We will show some of the results we achieved using the PSOL model. We ran two different experiments. First, we used the author’s pretrained models on imagenet to recreate the results achieved by the author. We also tried to train the model for specific datasets by using the weights of the pre-trained model as initial weights. These datasets belong to specific domains for example fashion, food, or medicine.
Results using pretrained models on Imagenet
In the table below, we show the results achieved by the imagenet pretrained model. We tested 3 different pretrained architectures (Resnet50, VGG16, and Densenet161).

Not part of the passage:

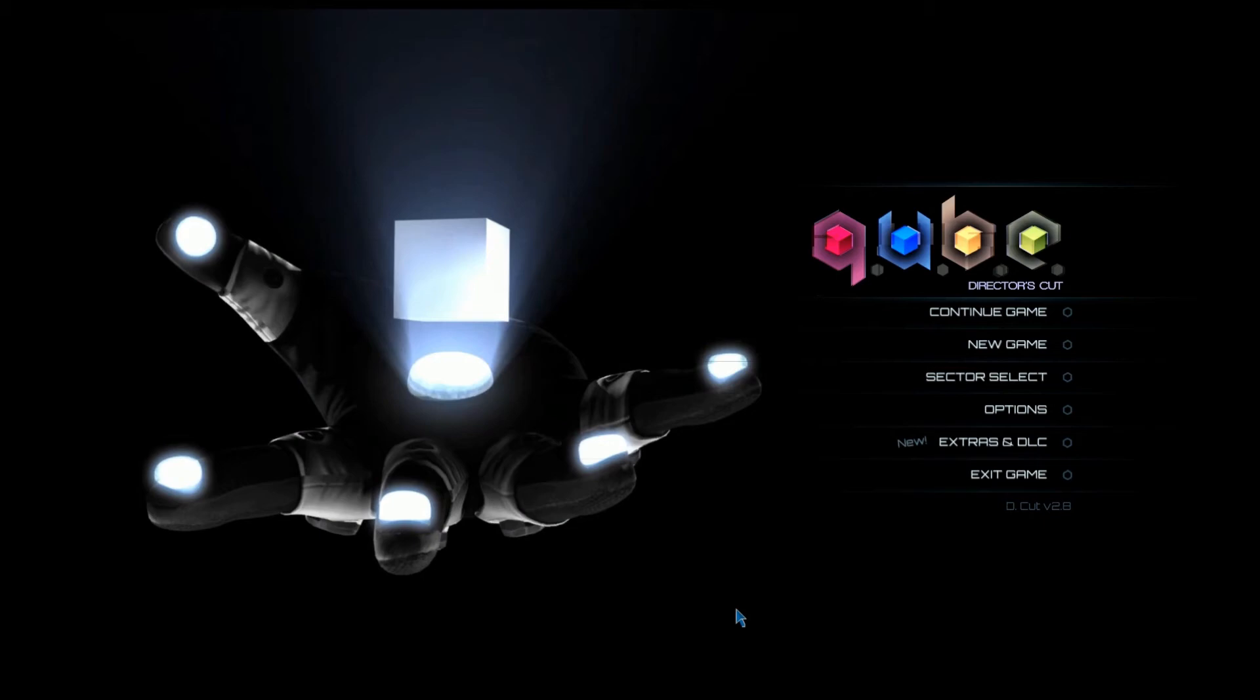Basically it's a first person puzzler. It was developed and published by Toxic Games. The Director's Cut is an updated version of the first Cube that came out in 2011.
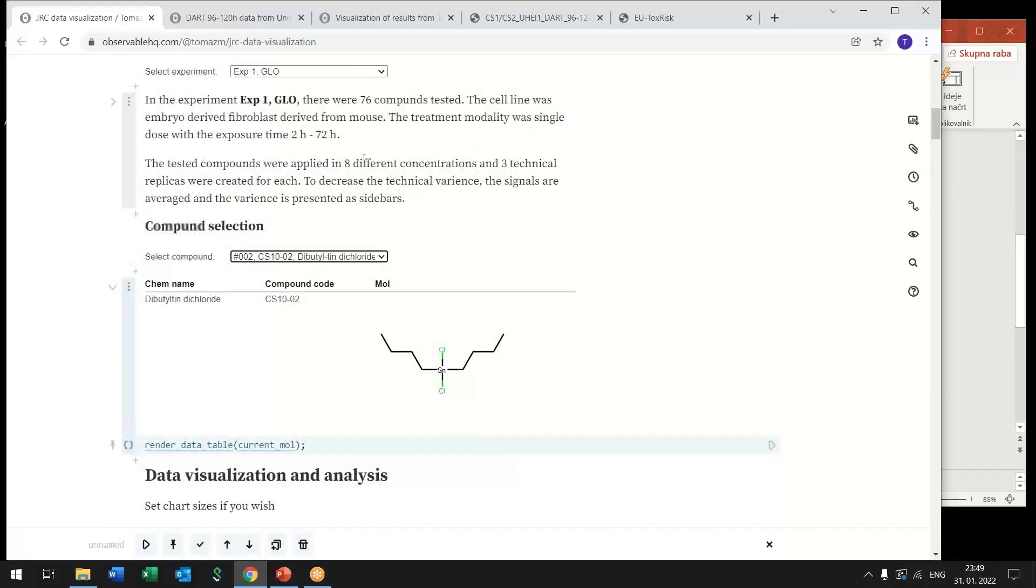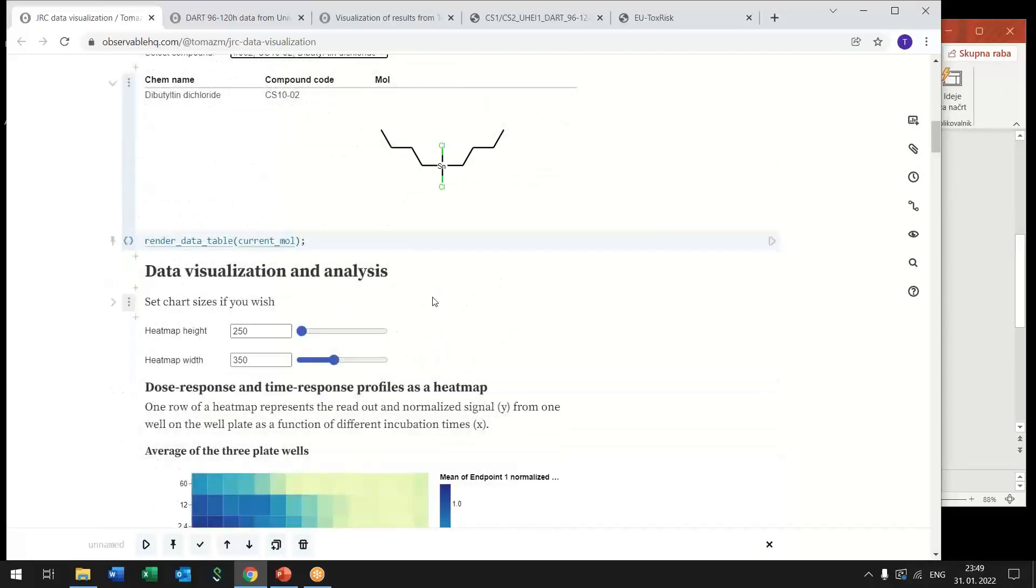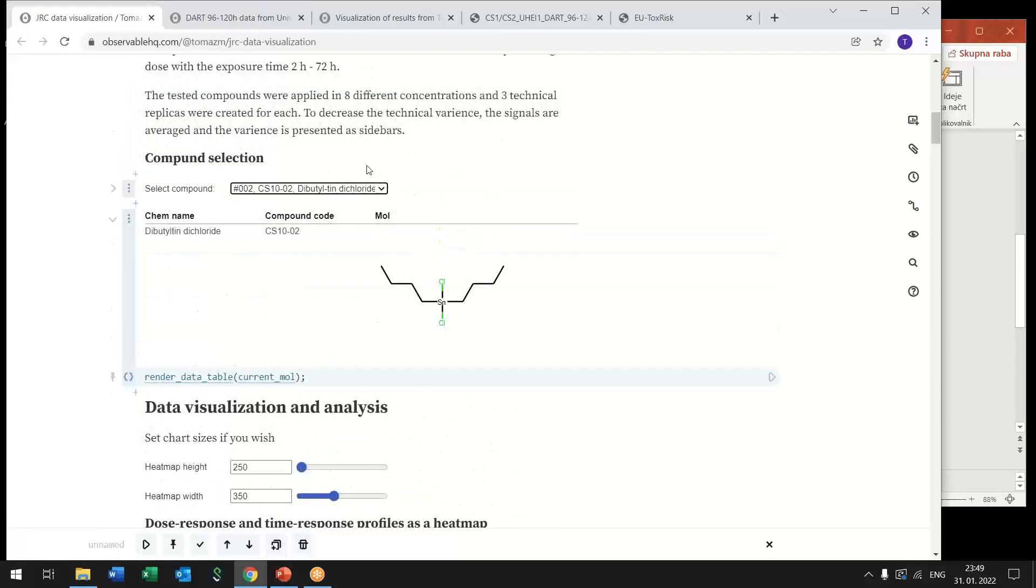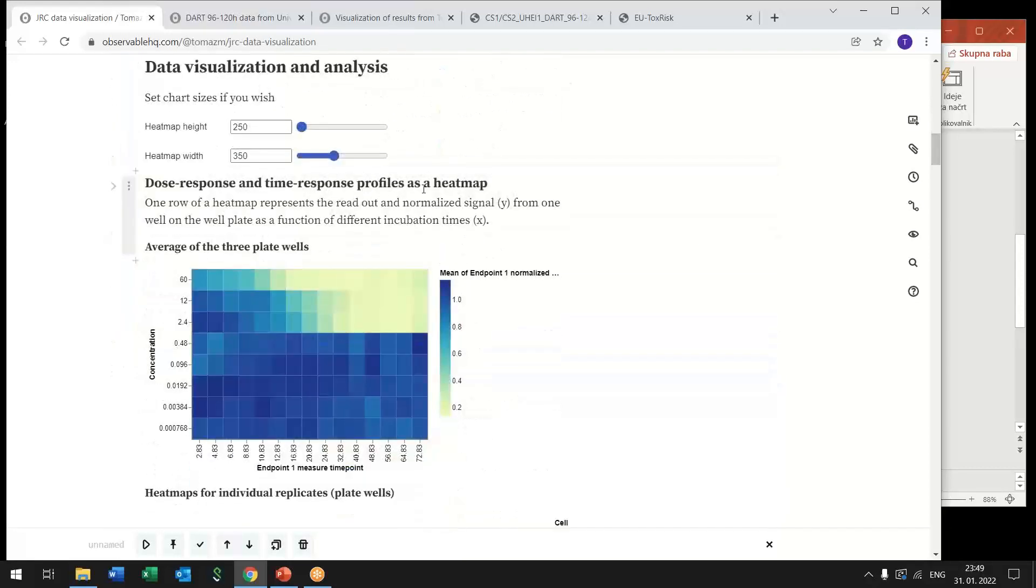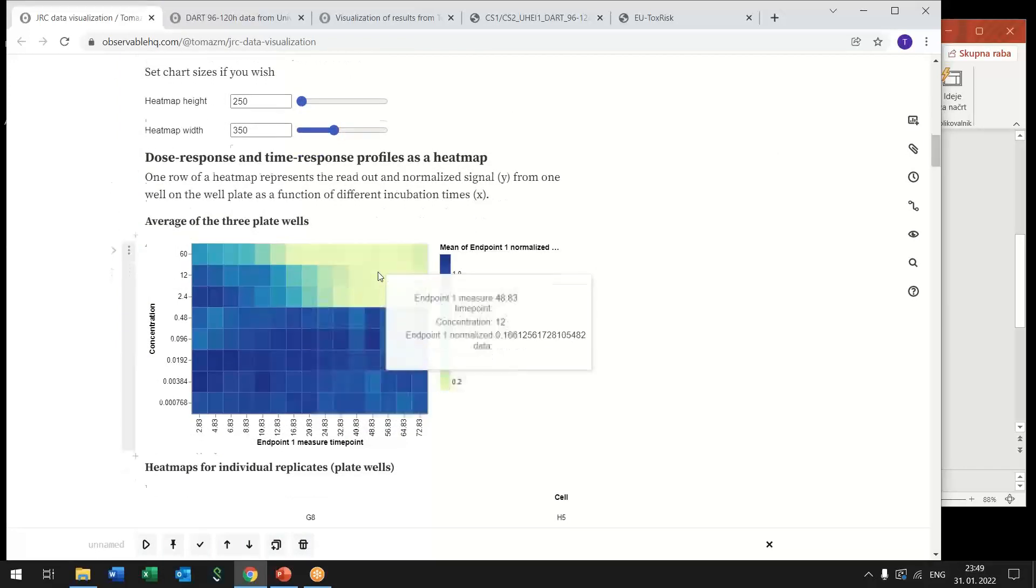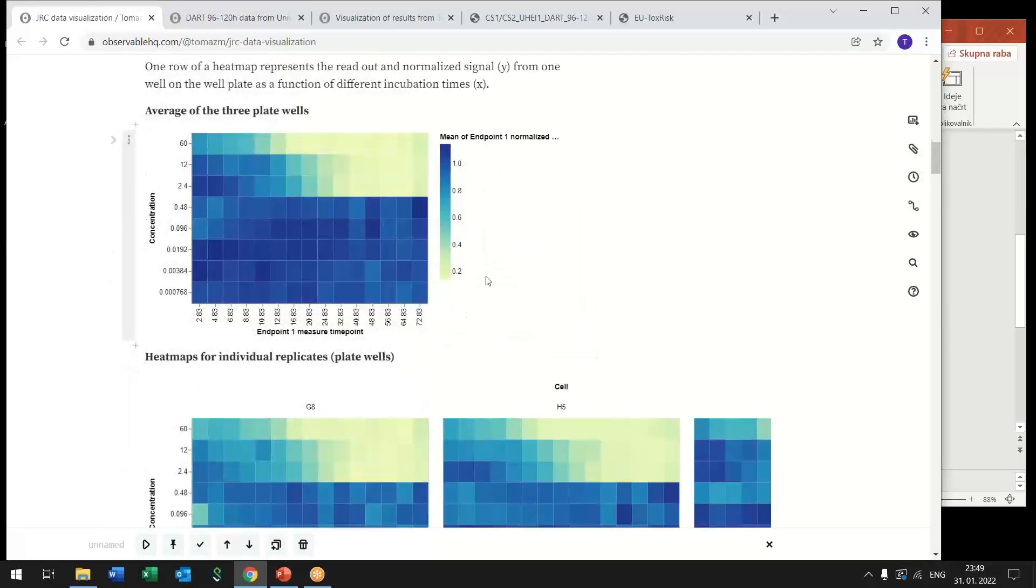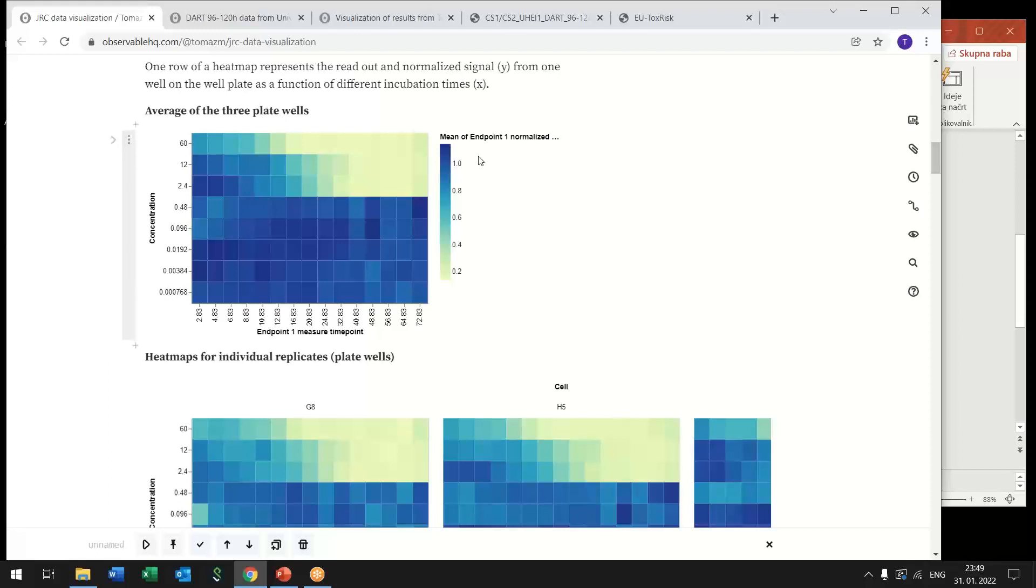So based on these selections we can access only a portion of data coming from this experiment and from this compound and we get measurements for that conditions. In this case, each compound was tested at different concentrations and for different time exposures and then cell variability was measured.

When testing the models on datasets including a single object in the image, we achieve an overall accuracy of above 85%. This showed that the model generalizes well on these datasets. However, when the model was tested with multi-label/multi-object datasets, the accuracy dropped significantly. This is due to the fact that our model is only able to produce a single bounding box. Therefore, when this predicted box is compared with more than one ground truth bounding box, the accuracy becomes very low.
Below are some of the generated images using the pretrained models, where the yellow or blue boxes are the predicted box and green is the ground truth bounding box.

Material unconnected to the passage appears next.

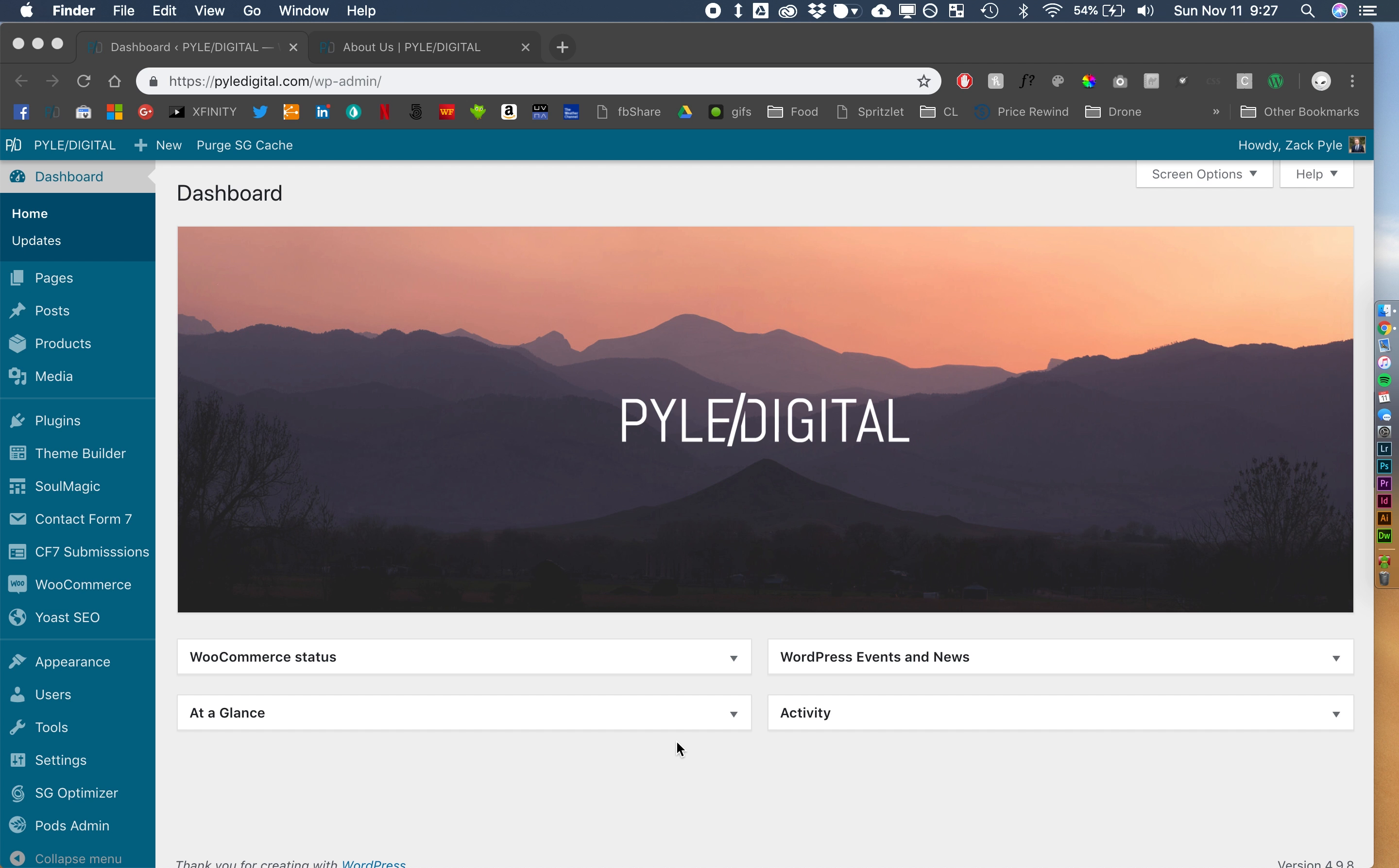Hey guys, Zach from Pile Digital. Today we are going to be running through a new Pods Beaver Themer tutorial. We are going to be creating a testimonial slider. So we're going to be using custom post types, we're going to be using Beaver Themer, and we're going to be pulling that custom post type into a module using Beaver Builder.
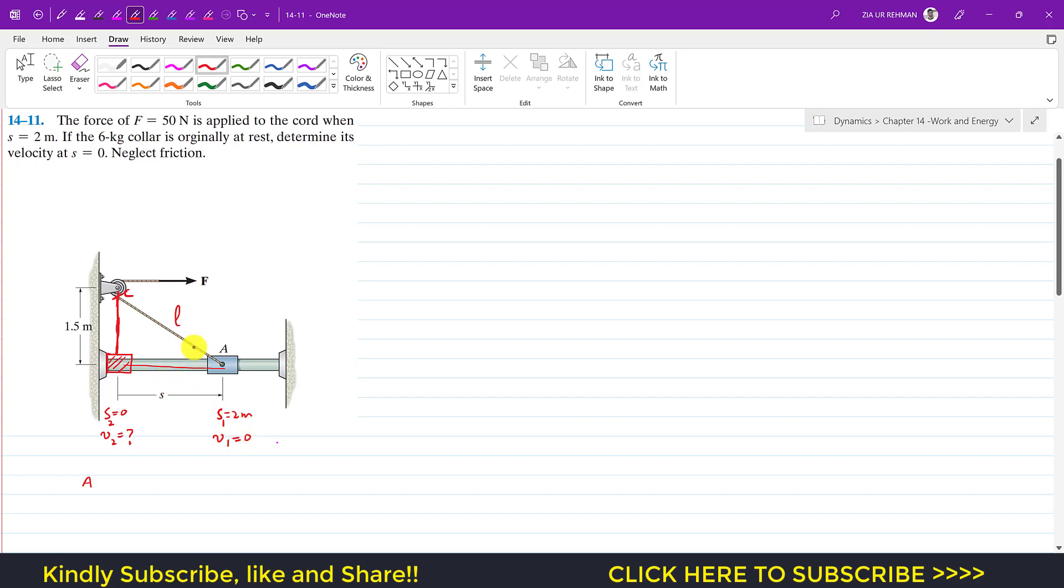We can say that the length when the collar is at s equals 2 meters, then the length of the string is equal to—let me write that—the length of the string is equal to 1.5 squared plus s squared, and s is given that this length will be 2 meters.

Results using models trained on different datasets
We followed the PSOL method and trained models on the UECFOOD256 dataset and on the CUB-200-2011 dataset. Since the classification and localization part of the PSOL method are separate, we focus only on localization and did not train any classification models. We use average IoU and GT-Loc for accuracy metric instead of Top-1 Loc and Top-5 Loc. When testing those models, the accuracy achieved was not as good as the pretrained model on Imagenet. This can be due to the fact that Imagenet dataset is a huge dataset that contains many different objects and labels compared to our two datasets used here which only contains images of different dishes and different species of birds. We also experiment and train models for different datasets without ground truth bounding boxes like qmul_toplogo10, these models were not very successful.
In this blog post, we explore the PSOL method to solve the WSOL problem. Our main goal is constructing a model which localizes object instances of one or more given object classes regardless of scale, location, pose and partial occlusions by using only class labels. In the paper, PSOL method is proposed to solve the drawbacks in previous weakly supervised object localization methods. Various experiments show that the method achieves a notable edge over previous methods. For example, the PSOL DenseNet161-Sep model can roughly match fully supervised AlexNet with Top-5 Loc accuracy. Furthermore, the PSOL method has good transferability across different datasets without any training or fine-tuning.
As can be seen from the resulting visualizations, PSOL performs almost as well as fully supervised methods when there is just one object in the image for example the images in CUB-200-2011. When there are multiple ground truth bounding boxes, the model fails as it can only provide one bounding box output per image. The model also fails to perform well when the object is not more salient.